Pain Management - Chronic Pain
Chronic pain afflicts approximately 10-20% of the adult population. Advances in research and development have greatly enhanced our ability to treat both acute and chronic pain disorders. However, while the number of treatment options – including antidepressants, anticonvulsants, opioids, nonopioid analgesics, local anesthetics, and alpha adrenergic agents – for such conditions as polyneuropathy, postherpetic neuralgia, low back pain, soft tissue injuries, and arthritic conditions has expanded, many patients – particularly those with persistent pain – continue to experience inadequate pain relief and/or intolerable adverse effects.

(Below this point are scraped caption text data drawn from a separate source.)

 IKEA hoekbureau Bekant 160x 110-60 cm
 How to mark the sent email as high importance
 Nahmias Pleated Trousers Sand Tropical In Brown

Pain control is essential because, even when the underlying disease process is stable, uncontrolled pain prevents patients from working productively, enjoying recreation, or taking pleasure in their usual roles in the family and society. Chronic pain may have a myriad of causes and perpetuating factors, and therefore can be much more difficult to manage than acute pain, requiring a multidisciplinary approach and customized treatment protocols to meet the specific needs of each patient.
Forms of chronic pain include:
- Neuropathic pain
- Musculoskeletal pain
- Rheumatoid arthritis
- Cancer pain
Neuropathic pain includes a variety of conditions such as diabetic neuropathy, post herpetic neuralgia, post mastectomy pain, phantom limb pain, reflex sympathetic dystrophy (RSD or Complex Regional Pain Syndrome), and pain caused by blunt trauma or crushing injuries. Symptoms of neuropathic pain may not be evident for weeks to months after the injury. The likelihood of effective management worsens as the symptom duration increases; therefore, prompt evaluation and treatment are vital.